Work required: Retype all of the listing exactly, with no pictures.

Supplied material:
•••••

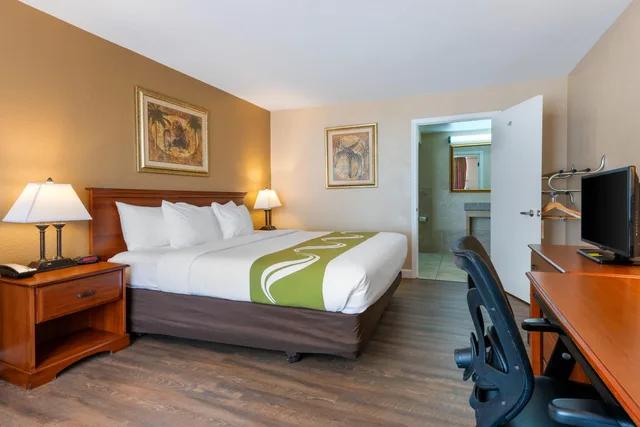 غرفة بسرير مزدوج، Quality Inn & Suites Conference Center 3/10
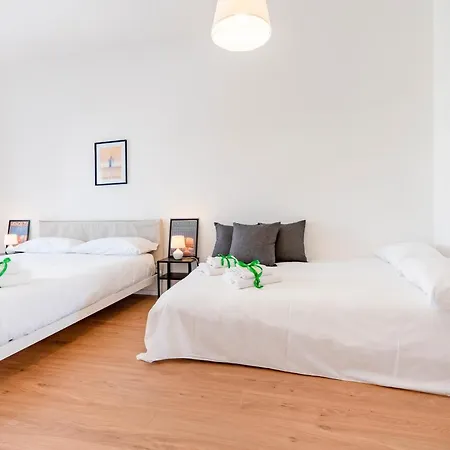 Guesthost - & Elegant Loft - With Balcony Бари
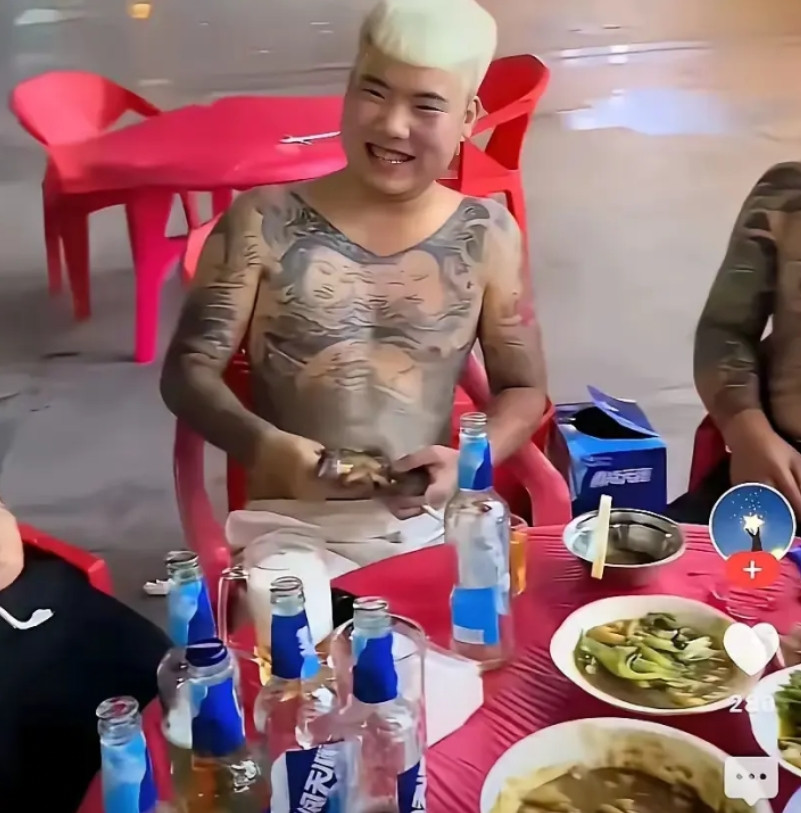 就桌子上那几盘子素菜，自己想吧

•••••

Result:
 غرفة بسرير مزدوج، Quality Inn & Suites Conference Center 3/10
 Guesthost - & Elegant Loft - With Balcony Бари
 就桌子上那几盘子素菜，自己想吧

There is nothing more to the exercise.